What I notice in your pseudo-definition of conservatism is that it is in no sense conservative! You do not know what ‘conservatism’ is or what it means.
This is something I point out in regard to many who contribute their perspectives here. You are ‘displaced progressives’! 😳
Jack, regarding part of your point 6:
“The actresses were below the age of consent, and should not be asked to/ compelled to perform such material. The parents who consented for them are irresponsible and unethical,…”
Do we know for a fact that none of the girls in the movie were emancipated minors? Maybe it is just my ignorance, but it is not clear to me that “age of consent” (14? 16? for sex? for employment?) is necessarily relevant if the minor is legally emancipated.
Maybe the movie-makers ought to be required to display certain representations regarding the girls and their parents, similar to what we often already see, such as “No animals were harmed in the making of this motion picture.”
My definition is whether the individual can fully understand what they are consenting to.
“Porn is in the eye of the beholder, and it’s not porn for me.”
By that logic, it’s officially and definitely porn for pedophiles.
“The film’s message is that exploiting children is wrong.”
The film literally exploits children. That is the problem.
“Their parents approved it.”
Many immigrant parents literally sell their children into sex slavery.
“What about other TV shows with girls doing sexy dances?”
Nice whataboutism. They’re trash too. Any grownup questions?
“Why all the fuss about this and not some other thing?”
Because this is exceptionally bad, because more people notice what’s on Netflix than what’s on Reality TV Channel 3027, and because who cares?

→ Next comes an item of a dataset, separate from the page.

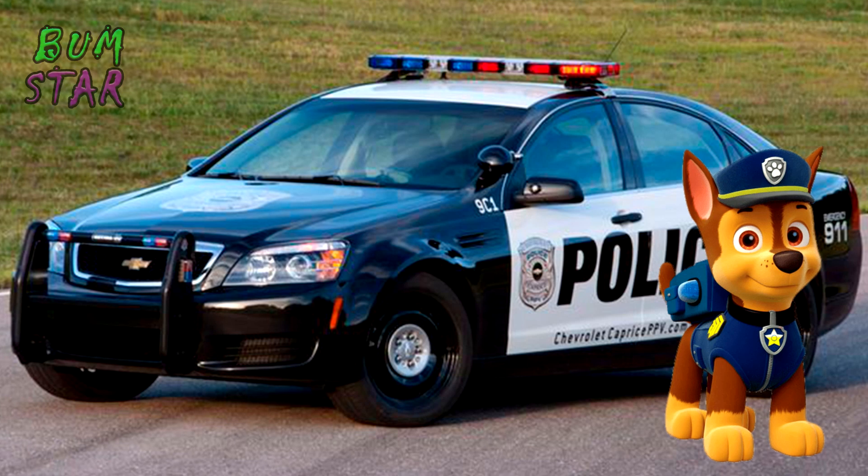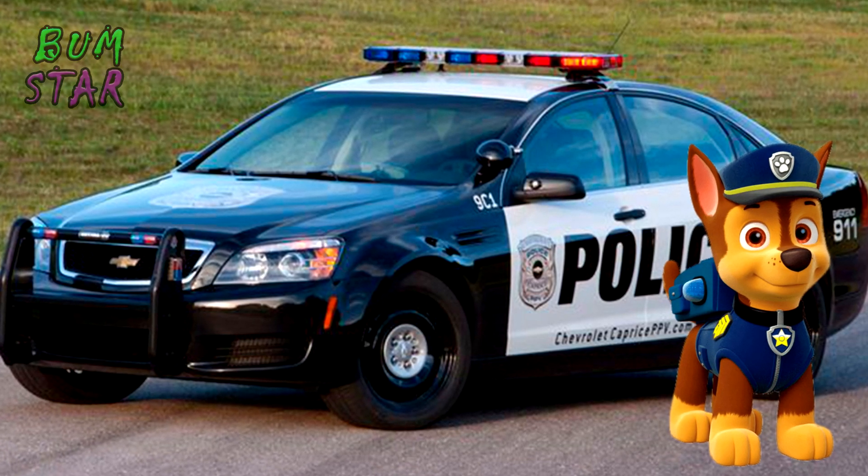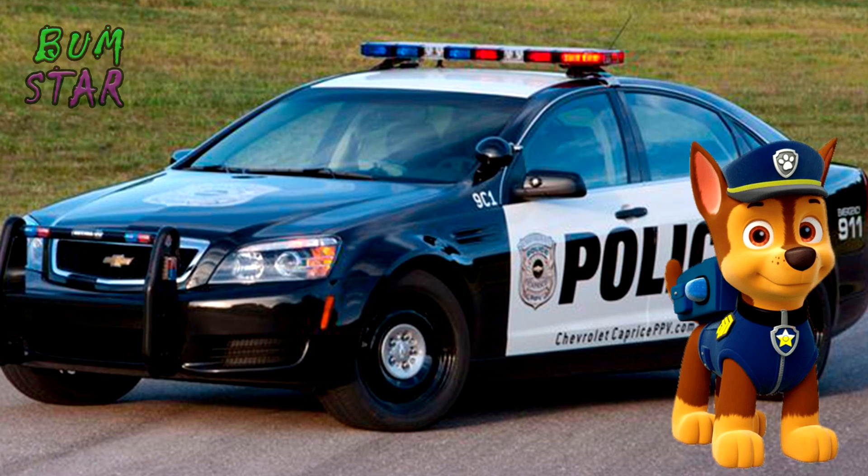First one: Chase. His car is a police car. Now Marshall — he drives a fire truck.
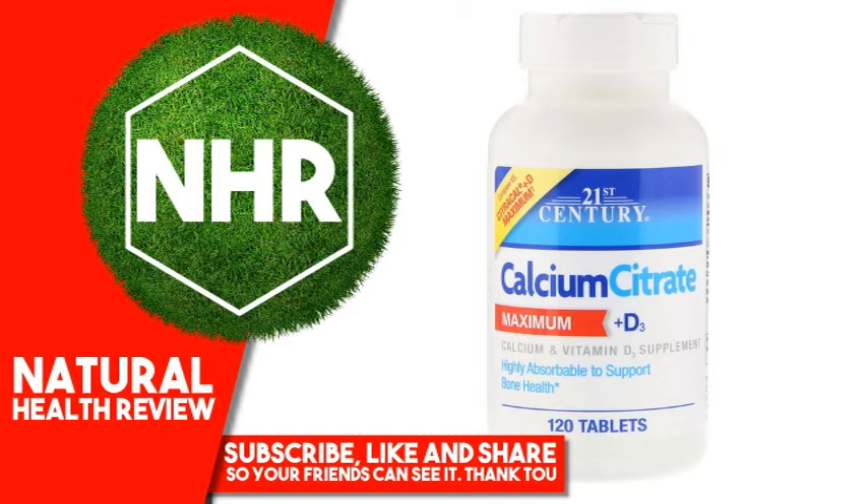Disclaimer: While iHerb strives to ensure the accuracy of its product images and information, some manufacturing changes to packaging and or ingredients may be pending update on our site. Although items may occasionally ship with alternate packaging, freshness is always guaranteed. We recommend that you read labels, warnings and directions of all products before use and not rely solely on the information provided by iHerb.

“Surely the producers and director didn’t do this intentionally to appeal to pedophiles.”
This movie comes from France, aka Roman Polanski’s safe space, aka the place where pedophilia has long been celebrated, practiced, and openly bragged about by mainstream authors, filmmakers, and other cultural elites. They knew.
Fin
<What you allow to happen to your women, . . .
And when you corrupt your women . . .
Thank you, Alizia, for so clearly exposing the medieval roots of your thinking.